I lowered my eyes for a few seconds, staring at her feet, side by side in their black satin slippers on a small needlepoint stool. Behind me on the mantelpiece and propped against a pair of cut-glass candlesticks stood announcements of her death, addressed in her own hand. The cards were bordered in black and said: “Dear Friend, Grace Clemons has passed away on this __ day of ____, 19__.” On the other end of the mantelpiece stood a snapshot of her mustached nephew from whom she awaited a visit year after year. On the wall
beside me hung a picture of Death rowing a young woman across the River Styx. I say it was Death because I always thought of the somber figure standing at the stern of the boat as Death itself, though it was in fact Charon, the ferryman who rowed the dead across the River Styx into the underworld.

“Cold lips and breast without breath,” Mrs. Clemons had recited earlier from Sir Edwin Arnold’s poem “She and He.” “Is there no voice, no language of death?” She’d recited the poem to me many times over the three years since I’d begun to visit her after I’d started taking painting lessons from Mrs. Forbes, who owned the house in which both women lived, and who lived below Mrs. Clemons.

She recited the poem slowly and passionately. And, as always, when listening to her recite the poem, I saw in my imagination a vast room, high-ceilinged and windowless, and at its center, a beautiful young woman’s dead body lying on a slab of marble, long hair streaming down the sides of her pillow, strewn with blossoms, as was the hair of the young woman Death was rowing and rowing across the River Styx.
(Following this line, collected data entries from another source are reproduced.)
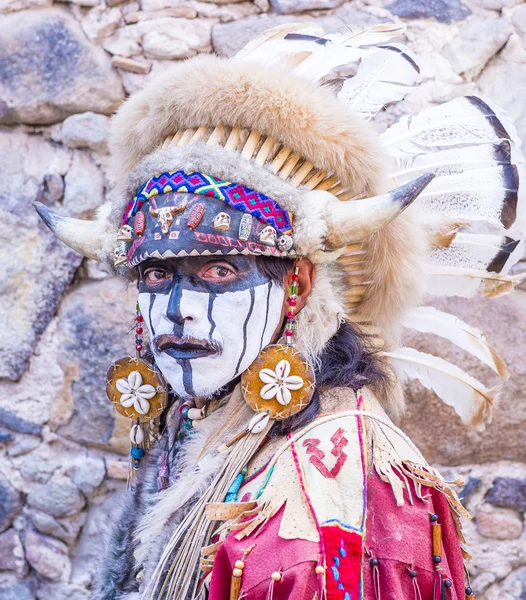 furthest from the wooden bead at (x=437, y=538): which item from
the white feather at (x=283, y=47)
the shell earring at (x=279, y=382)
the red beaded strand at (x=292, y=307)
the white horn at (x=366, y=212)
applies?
the white feather at (x=283, y=47)

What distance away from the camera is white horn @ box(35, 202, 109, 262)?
1.95 m

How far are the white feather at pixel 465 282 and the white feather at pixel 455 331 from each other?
85 mm

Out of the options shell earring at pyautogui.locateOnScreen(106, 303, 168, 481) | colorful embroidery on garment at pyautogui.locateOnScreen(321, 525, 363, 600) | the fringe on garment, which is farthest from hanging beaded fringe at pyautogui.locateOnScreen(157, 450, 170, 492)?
→ colorful embroidery on garment at pyautogui.locateOnScreen(321, 525, 363, 600)

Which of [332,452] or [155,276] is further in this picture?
[155,276]

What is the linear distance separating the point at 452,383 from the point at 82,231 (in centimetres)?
111

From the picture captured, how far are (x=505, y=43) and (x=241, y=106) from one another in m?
1.28

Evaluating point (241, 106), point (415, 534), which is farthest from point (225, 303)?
point (415, 534)

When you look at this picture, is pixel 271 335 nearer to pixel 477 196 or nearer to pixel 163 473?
pixel 163 473

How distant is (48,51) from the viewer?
254cm

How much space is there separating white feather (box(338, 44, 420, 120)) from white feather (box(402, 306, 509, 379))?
1.91ft

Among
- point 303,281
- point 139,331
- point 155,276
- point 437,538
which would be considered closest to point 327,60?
point 303,281

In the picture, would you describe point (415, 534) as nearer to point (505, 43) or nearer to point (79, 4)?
point (505, 43)

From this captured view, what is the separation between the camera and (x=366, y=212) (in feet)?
5.32

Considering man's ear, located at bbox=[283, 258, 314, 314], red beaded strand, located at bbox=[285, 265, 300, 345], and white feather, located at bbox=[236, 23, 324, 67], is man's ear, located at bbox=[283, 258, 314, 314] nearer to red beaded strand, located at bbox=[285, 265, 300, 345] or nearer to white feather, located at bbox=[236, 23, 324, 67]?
red beaded strand, located at bbox=[285, 265, 300, 345] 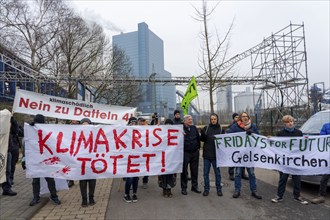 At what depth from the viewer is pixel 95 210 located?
5910mm

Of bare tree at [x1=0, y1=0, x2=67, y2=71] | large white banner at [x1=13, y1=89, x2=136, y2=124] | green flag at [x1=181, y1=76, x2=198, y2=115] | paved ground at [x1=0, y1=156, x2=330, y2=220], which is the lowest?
paved ground at [x1=0, y1=156, x2=330, y2=220]

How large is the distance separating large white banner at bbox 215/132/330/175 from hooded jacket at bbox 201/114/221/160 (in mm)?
143

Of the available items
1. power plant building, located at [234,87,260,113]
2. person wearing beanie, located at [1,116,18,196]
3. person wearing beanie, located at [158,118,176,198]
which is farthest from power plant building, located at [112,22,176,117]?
person wearing beanie, located at [158,118,176,198]

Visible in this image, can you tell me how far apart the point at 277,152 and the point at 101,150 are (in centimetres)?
400

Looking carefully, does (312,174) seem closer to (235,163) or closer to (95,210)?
(235,163)

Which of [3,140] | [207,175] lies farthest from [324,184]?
[3,140]

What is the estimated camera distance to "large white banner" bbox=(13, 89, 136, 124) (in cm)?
816

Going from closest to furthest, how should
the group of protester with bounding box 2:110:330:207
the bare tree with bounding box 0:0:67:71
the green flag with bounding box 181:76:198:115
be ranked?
the group of protester with bounding box 2:110:330:207
the green flag with bounding box 181:76:198:115
the bare tree with bounding box 0:0:67:71

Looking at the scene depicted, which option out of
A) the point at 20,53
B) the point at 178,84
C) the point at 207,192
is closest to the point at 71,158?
the point at 207,192

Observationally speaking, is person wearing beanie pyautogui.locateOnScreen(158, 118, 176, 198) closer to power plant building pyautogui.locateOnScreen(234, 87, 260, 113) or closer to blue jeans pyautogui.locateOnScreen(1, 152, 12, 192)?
blue jeans pyautogui.locateOnScreen(1, 152, 12, 192)

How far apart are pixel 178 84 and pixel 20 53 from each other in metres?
16.8

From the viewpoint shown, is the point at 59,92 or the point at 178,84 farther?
the point at 59,92

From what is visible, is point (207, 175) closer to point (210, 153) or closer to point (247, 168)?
point (210, 153)

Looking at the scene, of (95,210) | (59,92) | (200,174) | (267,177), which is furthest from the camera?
(59,92) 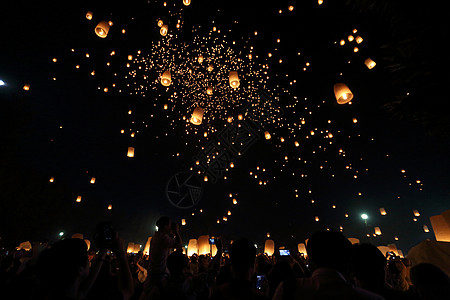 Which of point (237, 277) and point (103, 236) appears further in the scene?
point (237, 277)

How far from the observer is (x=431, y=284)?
1926 mm

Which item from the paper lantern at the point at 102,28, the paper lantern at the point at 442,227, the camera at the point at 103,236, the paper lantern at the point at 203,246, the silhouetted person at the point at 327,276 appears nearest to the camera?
the silhouetted person at the point at 327,276

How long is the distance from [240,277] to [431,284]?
1902mm

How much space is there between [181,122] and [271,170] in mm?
12278

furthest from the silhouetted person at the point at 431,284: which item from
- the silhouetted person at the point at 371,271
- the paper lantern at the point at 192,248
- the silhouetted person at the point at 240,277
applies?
the paper lantern at the point at 192,248

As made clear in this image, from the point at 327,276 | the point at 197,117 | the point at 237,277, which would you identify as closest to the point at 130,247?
the point at 197,117

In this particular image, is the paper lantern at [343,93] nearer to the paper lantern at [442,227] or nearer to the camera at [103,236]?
the camera at [103,236]

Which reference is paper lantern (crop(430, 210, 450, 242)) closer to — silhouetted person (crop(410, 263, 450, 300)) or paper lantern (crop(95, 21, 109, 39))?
silhouetted person (crop(410, 263, 450, 300))

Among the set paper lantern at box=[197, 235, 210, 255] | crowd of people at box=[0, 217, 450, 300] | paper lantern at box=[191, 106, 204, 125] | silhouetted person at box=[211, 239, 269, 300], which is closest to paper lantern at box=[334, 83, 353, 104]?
paper lantern at box=[191, 106, 204, 125]

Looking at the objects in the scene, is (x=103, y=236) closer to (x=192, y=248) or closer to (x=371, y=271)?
(x=371, y=271)

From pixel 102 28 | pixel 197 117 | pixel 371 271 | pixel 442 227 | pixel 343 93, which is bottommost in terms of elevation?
pixel 371 271

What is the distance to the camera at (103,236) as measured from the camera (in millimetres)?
1513

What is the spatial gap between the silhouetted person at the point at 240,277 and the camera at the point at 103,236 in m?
0.96

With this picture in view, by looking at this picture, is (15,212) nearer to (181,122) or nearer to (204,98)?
(181,122) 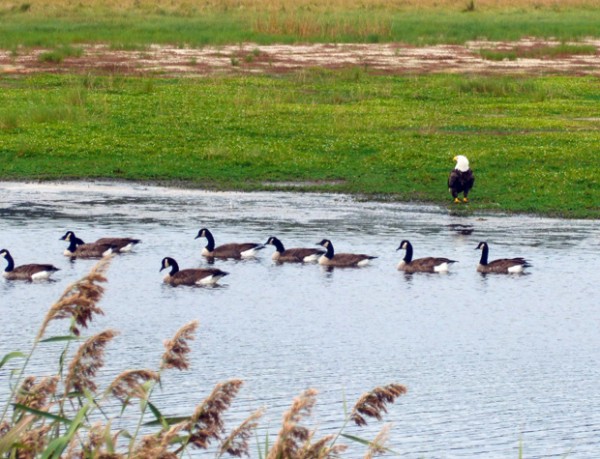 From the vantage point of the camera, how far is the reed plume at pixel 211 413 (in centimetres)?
643

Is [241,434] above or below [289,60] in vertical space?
above

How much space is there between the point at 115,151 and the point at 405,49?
114 ft

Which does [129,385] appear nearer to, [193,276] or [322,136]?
[193,276]

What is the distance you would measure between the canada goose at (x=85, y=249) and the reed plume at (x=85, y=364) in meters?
15.6

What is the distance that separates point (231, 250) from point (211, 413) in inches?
637

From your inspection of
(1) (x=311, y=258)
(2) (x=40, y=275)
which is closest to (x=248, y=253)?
(1) (x=311, y=258)

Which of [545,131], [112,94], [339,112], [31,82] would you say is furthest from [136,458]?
[31,82]

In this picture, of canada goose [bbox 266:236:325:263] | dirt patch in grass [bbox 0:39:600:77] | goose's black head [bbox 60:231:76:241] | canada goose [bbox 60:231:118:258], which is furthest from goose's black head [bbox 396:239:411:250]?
dirt patch in grass [bbox 0:39:600:77]

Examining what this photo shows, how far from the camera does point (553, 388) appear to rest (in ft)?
49.6

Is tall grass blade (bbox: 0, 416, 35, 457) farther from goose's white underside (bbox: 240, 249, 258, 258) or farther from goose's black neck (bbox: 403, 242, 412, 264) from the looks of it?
goose's white underside (bbox: 240, 249, 258, 258)

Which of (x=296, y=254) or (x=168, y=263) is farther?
(x=296, y=254)

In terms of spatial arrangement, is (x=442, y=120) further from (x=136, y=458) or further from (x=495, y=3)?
(x=495, y=3)

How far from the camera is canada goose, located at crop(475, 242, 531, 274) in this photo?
21.4m

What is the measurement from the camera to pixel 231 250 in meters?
22.8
Stillness. Gloom. Cold. These words from the poem filled my imagination, where the image grew so still that it became more like a tangible presence than the absence of sound or motion. That stillness had a weight to it, like the heavy cloak Death wore.

During the three years that I’d taken my midafternoon break from my Saturday painting lessons and sometimes—as now—waited with her for my mother to come for me afterward, Mrs. Clemons often talked about her death. Sometimes she would announce: “I hear the bells tolling midnight in the distance and they are coming closer,” her deep voice anchoring the words in a place of sober acknowledgment and resignation. Sometimes she made reference to the funeral announcements. But until that winter evening she’d never talked about communicating with me after her death. She spoke carefully and thoughtfully. “If you aren’t with me when I die,” she said, “go to my grave. The soul has to have a place to come home to.”